Da tempo molti alzano la voce per chiedere l’obbligo di fornire un documento di identità per aprire un profilo sui social network. Questa proposta ha alcune caratteristiche decisamente peculiari e, fatto assolutamente singolare, nessuna è positiva. In primo luogo è inutile. Per avere conferma di questo dato di fatto sarebbe sufficiente sapere che il “mercato nero” più florido della criminalità informatica è il traffico di dati personali rubati. La facilità con cui si riesce a ottenere un falso documento d’identità è pari soltanto a quella con cui si acquista un libro su Amazon. Sono anni che si combatte un guerra contro l’accesso ai siti di  gioco d’azzardo on line da parte dei minori, ma purtroppo senza successo, perché l’immagine digitale di un falso documento è una specie di “commodities”.

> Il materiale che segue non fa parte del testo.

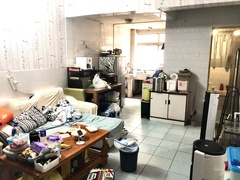 客厅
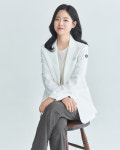 디에프정신건강의학과의원 청담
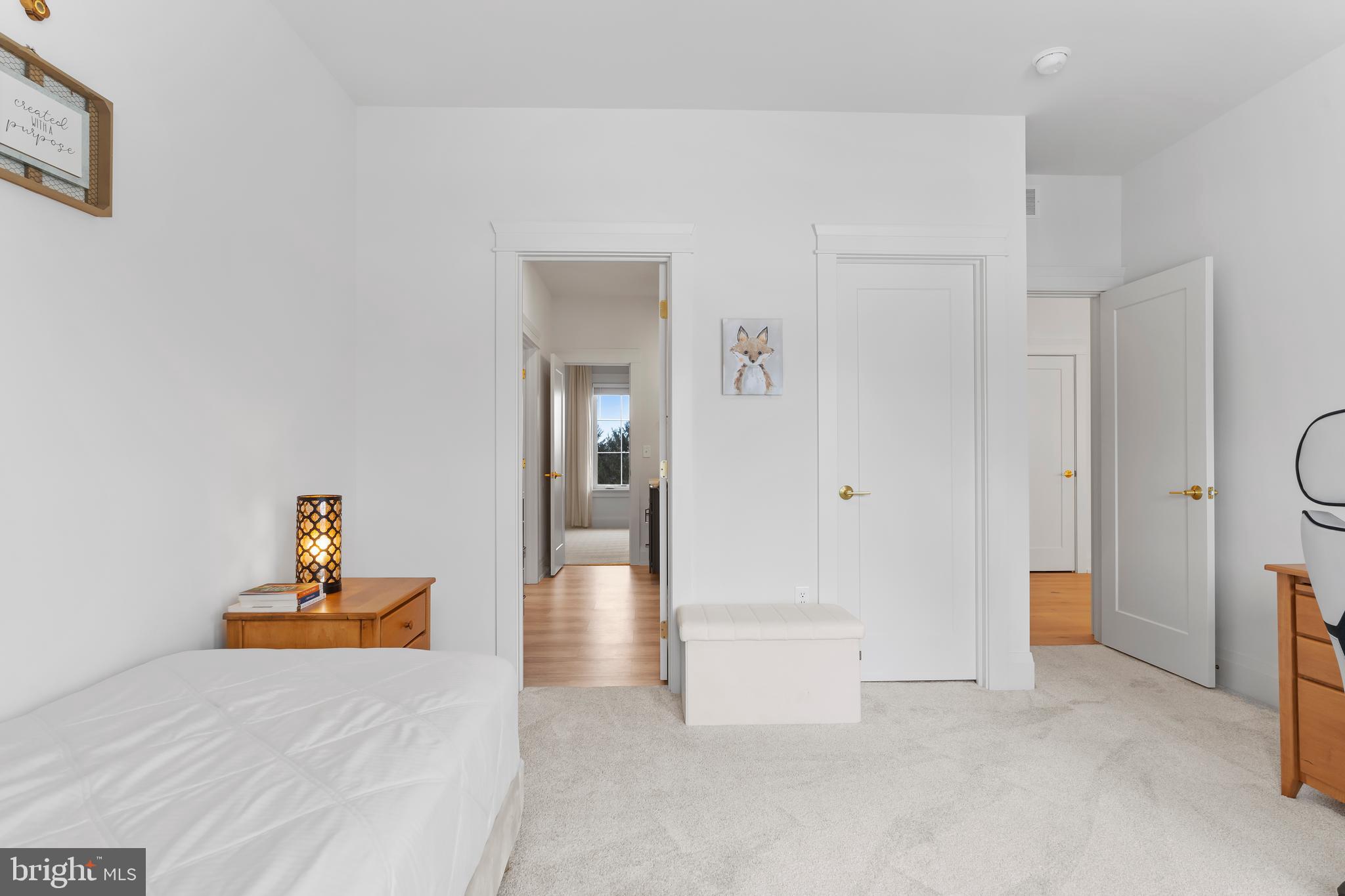 1 Strawberry Lane Lititz, PA 17543 - Photo 72 of 80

Aggiungiamo un altro elemento di riflessione. L’intero mondo bancario combatte da oltre dieci anni con il problema dell’identificazione certa di chi esegue un’operazione finanziarie su Internet. Ormai per eseguire un bonifico sono necessari almeno tre, se non quattro, passaggi autorizzativi basati su diversi forme di autenticazione (codice cliente, password, token, ecc.), eppure ancora oggi le truffe sui pagamenti non sono state debellate. Immaginare che fornire una copia di un documento di identità possa anche lontanamente risolvere il problema degli haters o delle fake news è come sperare di spegnere un incendio con un pistola ad acqua.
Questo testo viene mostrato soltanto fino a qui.